Unfortunately for this professor, who will remain anonymous because she fears she will lose her job for telling me her story, universities across the country, including Marquette, have substantially decreased the proportion of professors they hire as faculty or tenure-track. Her only option was to take a position as an "adjunct" professor.
Adjunct professors, who are also called "lecturers," are paid only $3,200 per class they teach. They are offered absolutely no benefits, including health insurance.
If Jane Doe were to buy health insurance from Marquette it would cost more than her entire salary for a semester.
Just to keep her head above water she is currently teaching six classes at universities all over Milwaukee. She has a PhD, works more than 60 hours a week and is still on the borderline of the poverty level.
Now here's the kicker, Jane Doe is just one of more than 50 Marquette adjunct professors who are barely scrapping by.
The theology department has apparently had enough of Marquette underpaying and under appreciating non-faculty professors, and in its last meeting unanimously passed a motion demanding health care benefits for all professors teaching at least two classes.

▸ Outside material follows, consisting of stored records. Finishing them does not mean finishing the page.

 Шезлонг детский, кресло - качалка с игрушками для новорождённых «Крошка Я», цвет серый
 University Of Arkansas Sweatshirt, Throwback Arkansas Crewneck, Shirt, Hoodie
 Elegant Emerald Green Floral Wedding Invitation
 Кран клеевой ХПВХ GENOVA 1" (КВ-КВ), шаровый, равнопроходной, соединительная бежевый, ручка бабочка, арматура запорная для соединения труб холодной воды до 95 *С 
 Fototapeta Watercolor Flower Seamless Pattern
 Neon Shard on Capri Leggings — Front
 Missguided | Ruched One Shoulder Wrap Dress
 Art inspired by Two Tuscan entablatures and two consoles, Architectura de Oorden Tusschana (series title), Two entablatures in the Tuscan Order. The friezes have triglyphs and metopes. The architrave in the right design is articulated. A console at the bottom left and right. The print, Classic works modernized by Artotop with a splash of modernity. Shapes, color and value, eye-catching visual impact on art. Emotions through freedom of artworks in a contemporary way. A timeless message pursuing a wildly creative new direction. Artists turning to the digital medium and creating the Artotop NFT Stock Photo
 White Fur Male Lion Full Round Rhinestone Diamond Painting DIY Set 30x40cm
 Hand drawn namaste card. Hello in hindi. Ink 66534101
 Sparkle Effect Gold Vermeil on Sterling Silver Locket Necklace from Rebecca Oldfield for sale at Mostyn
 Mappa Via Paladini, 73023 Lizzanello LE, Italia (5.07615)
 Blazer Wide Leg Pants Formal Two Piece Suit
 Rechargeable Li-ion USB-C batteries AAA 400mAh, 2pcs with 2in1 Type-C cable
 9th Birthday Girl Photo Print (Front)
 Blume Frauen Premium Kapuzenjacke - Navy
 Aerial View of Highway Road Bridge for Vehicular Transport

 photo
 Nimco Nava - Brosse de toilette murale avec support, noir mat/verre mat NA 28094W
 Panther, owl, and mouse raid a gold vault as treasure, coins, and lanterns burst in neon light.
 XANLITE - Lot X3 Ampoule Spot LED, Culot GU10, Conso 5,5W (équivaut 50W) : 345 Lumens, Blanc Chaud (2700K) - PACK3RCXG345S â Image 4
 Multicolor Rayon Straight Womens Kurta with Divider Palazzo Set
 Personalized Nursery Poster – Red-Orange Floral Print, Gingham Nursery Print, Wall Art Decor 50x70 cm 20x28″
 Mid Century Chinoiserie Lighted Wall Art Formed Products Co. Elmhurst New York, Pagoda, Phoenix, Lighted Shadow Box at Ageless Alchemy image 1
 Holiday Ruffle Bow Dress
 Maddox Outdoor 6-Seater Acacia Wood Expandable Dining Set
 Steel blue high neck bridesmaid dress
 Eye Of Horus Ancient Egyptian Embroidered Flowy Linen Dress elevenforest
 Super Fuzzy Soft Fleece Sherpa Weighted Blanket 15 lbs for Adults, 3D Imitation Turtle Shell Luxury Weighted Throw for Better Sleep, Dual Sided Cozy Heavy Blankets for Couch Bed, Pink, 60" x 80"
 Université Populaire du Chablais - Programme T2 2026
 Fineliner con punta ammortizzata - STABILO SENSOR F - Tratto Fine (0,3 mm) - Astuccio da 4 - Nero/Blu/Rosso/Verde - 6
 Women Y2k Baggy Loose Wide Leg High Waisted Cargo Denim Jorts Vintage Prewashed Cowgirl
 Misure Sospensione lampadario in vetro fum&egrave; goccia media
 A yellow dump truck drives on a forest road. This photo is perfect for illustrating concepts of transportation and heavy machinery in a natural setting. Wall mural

Included in the motion is the following, "...we (Marquette), as an institution, have an urgent moral obligation to give health and dental care benefits to our PhD adjunct faculty who are teaching at least two courses per semester."
"Marquette teaches Catholic social doctrine which includes the principle that basic health care is not a luxury but a basic human right which must be honored," said Daniel Maguire, theology professor and creator of the motion.
"We looked at Catholic teaching, looked at what we're doing, and all agree that we must fight to change it," Maguire said.
Most universities pay similar wages as Marquette to non-faculty professors, and only a handful offer benefits.
Among those universities that offer all professors benefits are University of Wisconsin-Madison, University of Wisconsin-Milwaukee and DePaul University in Chicago.
Today at Marquette, there are 23 adjunct English professors, seven in the theology department, five in theater, two in philosophy and several more in other departments.
Theology is the only department to date that has moved for change, but the motion does cut across department lines.
Professor and Chair of the Philosophy Department James South said he would support the motion.
"Any professor at Marquette deserves benefits," South said.
But the reality is that the motion will most likely fall on the deaf ears of the administration.
Let's not forget that the administration has a track record of continually ignoring the opinions of its professors and students- you can find dozens of examples of this if you skim through Tribune headlines over the last few years.
And judging from Marquette future Provost John Pauly's, responses to my questions, the status quo probably won't be changing anytime soon.
After saying he doesn't want to "take a position on the resolution," Pauly went on to say "the administration is always working to find more ways to better and fully support part-time faculty but there is always difficulty … and we must consider the necessary trade-offs in order to afford it."
Essentially the administration thinks it's more important to pay a coach $1.6 million a year to teach boys how to bounce basketballs than to provide fair benefits to its professors.
My thoughts are these: The money is there and if we're going to call ourselves Catholic and we're going to teach Catholic doctrine, which emphasizes the value of human life, then we better be ready to back up that teaching.